Ketua Komisi Hukum dan HAM MUI, Prof Deding Ishak mengapresiasi langkah yang diambil oleh Kejaksaan Agung dalam menindak kasus korupsi di sektor tambang. Di satu sisi negara Indonesia kaya akan dengan sumber daya alam (SDA) khususnya di bidang pertambangan, tentu ini harus dikelola dengan benar.
"Selain kebijakan tata kelola yang harus terus dibenahi, akan tetapi penting, proses penegakan hukum yang dilakukan mengutamakan pengembalian kerugian negara, dan kami berharap Kejaksaan Agung tidak tebang pilih dalam proses penegakan hukum yang dilakukan seperti dalam kasus tambang timah, tentu harus tuntas ditangani," kata Prof Deding kepada Republika, Kamis (2/5/2024)

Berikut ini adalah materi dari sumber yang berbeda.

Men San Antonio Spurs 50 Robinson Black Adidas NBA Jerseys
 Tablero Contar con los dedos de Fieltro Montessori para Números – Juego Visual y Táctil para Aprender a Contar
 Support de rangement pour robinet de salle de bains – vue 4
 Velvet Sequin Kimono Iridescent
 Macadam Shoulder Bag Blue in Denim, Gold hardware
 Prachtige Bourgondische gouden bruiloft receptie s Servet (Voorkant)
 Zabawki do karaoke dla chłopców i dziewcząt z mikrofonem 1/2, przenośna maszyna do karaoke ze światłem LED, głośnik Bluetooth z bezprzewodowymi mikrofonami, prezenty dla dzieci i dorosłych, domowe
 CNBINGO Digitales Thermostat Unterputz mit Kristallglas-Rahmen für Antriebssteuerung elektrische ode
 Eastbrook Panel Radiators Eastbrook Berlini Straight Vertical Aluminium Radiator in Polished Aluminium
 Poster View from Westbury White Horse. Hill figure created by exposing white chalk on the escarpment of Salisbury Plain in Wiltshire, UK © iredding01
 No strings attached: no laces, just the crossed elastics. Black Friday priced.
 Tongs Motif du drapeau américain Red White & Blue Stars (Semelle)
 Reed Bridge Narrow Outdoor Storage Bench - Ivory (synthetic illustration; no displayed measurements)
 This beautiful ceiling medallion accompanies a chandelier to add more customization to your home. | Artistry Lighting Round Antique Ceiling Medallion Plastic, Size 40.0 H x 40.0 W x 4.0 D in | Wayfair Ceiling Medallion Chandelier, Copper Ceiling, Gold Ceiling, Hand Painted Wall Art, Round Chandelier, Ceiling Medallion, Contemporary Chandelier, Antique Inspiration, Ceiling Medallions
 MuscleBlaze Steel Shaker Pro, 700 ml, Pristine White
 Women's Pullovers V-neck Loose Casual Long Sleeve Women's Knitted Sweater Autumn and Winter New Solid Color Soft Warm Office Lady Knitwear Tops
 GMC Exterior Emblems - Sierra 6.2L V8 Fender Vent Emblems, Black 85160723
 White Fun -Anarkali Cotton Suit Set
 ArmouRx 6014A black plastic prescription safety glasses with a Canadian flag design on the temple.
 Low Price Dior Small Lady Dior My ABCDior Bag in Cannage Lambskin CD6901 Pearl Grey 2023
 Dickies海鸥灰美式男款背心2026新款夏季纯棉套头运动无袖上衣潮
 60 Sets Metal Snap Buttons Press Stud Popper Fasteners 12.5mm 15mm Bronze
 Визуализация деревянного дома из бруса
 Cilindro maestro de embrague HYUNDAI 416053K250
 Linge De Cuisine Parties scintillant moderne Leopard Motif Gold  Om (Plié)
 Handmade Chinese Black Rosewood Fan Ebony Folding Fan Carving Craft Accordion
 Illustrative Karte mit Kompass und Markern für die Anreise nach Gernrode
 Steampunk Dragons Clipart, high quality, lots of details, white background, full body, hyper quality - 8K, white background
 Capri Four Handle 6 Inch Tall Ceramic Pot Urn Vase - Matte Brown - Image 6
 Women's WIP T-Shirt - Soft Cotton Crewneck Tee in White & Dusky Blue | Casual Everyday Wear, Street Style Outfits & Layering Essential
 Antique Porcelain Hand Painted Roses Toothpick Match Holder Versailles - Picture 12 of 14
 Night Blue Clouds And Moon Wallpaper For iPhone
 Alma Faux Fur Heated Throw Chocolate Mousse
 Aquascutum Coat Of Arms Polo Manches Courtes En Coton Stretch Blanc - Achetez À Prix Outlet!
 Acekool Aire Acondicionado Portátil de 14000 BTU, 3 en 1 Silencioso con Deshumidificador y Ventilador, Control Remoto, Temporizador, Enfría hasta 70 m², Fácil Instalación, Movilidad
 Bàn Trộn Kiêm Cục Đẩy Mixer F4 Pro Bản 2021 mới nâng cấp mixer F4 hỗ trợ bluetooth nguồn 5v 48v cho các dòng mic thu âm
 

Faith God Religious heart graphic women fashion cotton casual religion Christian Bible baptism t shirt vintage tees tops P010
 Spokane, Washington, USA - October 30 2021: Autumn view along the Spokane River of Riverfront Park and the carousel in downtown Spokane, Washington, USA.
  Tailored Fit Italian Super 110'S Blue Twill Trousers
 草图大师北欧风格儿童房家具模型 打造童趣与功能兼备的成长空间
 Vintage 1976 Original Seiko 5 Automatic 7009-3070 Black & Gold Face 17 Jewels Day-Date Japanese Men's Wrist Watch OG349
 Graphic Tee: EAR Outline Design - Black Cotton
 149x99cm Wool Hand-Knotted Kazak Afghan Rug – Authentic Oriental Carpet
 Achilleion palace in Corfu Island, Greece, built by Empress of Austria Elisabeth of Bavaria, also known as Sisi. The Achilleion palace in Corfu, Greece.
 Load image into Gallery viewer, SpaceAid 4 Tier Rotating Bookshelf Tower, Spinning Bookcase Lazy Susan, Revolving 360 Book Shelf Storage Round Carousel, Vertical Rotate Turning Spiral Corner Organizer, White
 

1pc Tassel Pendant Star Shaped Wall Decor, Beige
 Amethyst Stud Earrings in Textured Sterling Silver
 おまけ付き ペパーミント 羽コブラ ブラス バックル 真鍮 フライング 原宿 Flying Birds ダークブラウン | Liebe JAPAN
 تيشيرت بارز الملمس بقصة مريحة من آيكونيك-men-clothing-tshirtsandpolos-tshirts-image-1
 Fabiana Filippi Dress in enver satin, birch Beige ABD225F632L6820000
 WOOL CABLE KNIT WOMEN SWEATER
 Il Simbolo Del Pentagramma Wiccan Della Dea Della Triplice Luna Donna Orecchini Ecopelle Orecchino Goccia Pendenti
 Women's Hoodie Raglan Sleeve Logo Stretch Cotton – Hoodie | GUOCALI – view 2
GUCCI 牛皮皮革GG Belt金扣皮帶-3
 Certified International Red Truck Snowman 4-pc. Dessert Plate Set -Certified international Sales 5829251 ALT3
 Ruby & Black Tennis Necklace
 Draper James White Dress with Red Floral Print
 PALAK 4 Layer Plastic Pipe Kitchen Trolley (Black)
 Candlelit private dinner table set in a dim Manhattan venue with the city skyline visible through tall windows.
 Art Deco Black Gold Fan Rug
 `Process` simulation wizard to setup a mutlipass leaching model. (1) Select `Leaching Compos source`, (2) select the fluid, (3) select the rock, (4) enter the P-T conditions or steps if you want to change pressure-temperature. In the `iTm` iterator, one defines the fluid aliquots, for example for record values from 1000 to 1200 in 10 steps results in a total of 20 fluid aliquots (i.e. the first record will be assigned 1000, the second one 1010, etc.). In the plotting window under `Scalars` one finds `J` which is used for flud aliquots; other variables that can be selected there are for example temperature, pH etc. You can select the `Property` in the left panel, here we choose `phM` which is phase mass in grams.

Prof Deding mengatakan, penegakan hukum merupakan penanganan di hilir, Komisi Hukum dan HM MUI berharap Kejaksaan Agung juga menyelesaikan persoalan di hulunya. Seperti mekanisme pencegahan, sehingga pihak-pihak yang bergerak di bidang pertambangan terhindar dari kasus korupsi di bidang pertambangan tersebut.
Menurutnya, persoalan Indonesia sekarang bukan di aspek regulasinya, karen aturannya sudah dibuat sedemikian rupa. Maka yang paling penting adalah bagaimana penegakan hukumnya. Aparat penegak hukum harus betul-betul menjadi garda terdepan, baik dalam mengayomi maupun melakukan proses penegakan hukum yang transparan dan objektif.
Apakah tepat mengejar pengembalian kerugian negara akibat korupsi tambang dengan memasukkan elemen kerusakan lingkungan? Menjawab pertanyaan itu, Prof Deding mengatakan bahwa itu langkah tepat, karena kerusakan lingkungan menjadi akibat yang tidak bisa dielakkan dalam setiap pertambangan yang dilakukan.
"Oleh karena itu penting bagaimana Amdal (analisis mengenai dampak lingkungan) menjadi faktor penting, dan apabila itu dilanggar tentu ada konsekuensi yang harus dipertanggungjawabkan," ujar Prof Deding.
Prof Deding menegaskan, Kejaksaan Agung selain melakukan penyelesaian di hilir berupa proses penegakan hukum, juga mesti menyelesaikan persoalan di hulunya. Supaya investor tidak khawatir.
"Bagaimana kemudian pihak-pihak yang melaksanakan usaha di bidang pertambangan diberikan pemahaman hukum yang baik sehingga terhindar dari potensi korupsi, baik melalui pendampingan atau penyuluhan yang dilakukan oleh Kejaksaan," jelas Prof Deding.